• Provided material

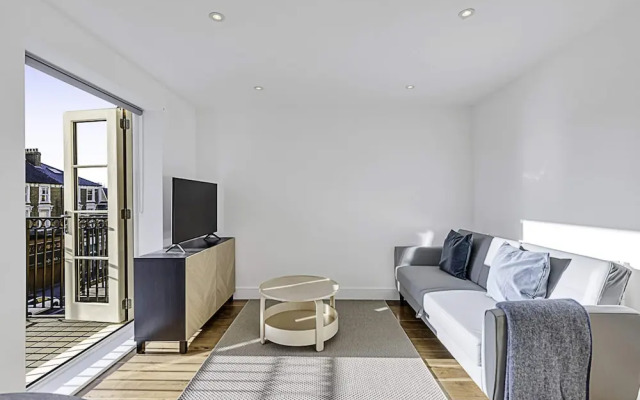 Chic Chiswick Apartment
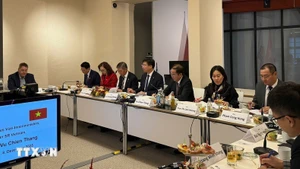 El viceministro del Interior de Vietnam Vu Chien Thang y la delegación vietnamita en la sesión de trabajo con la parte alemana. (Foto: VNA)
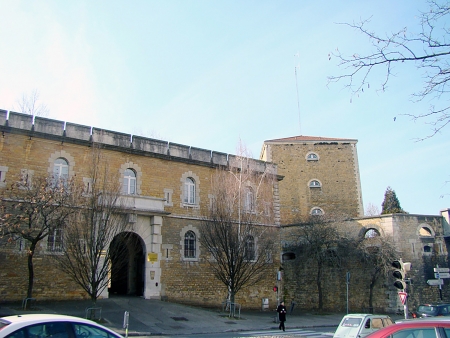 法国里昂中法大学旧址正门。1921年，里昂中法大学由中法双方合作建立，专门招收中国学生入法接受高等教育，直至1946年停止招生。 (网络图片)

==

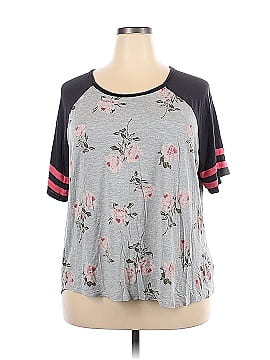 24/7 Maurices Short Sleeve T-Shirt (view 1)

• Your assignment
Taking the records above, print only and exactly the lines from the line with "Chic Chiswick Apartment" to the line with "法国里昂中法大学旧址正门。1", both kept, and exclude pictures.

• Result of this exercise
 Chic Chiswick Apartment
 El viceministro del Interior de Vietnam Vu Chien Thang y la delegación vietnamita en la sesión de trabajo con la parte alemana. (Foto: VNA)
 法国里昂中法大学旧址正门。1921年，里昂中法大学由中法双方合作建立，专门招收中国学生入法接受高等教育，直至1946年停止招生。 (网络图片)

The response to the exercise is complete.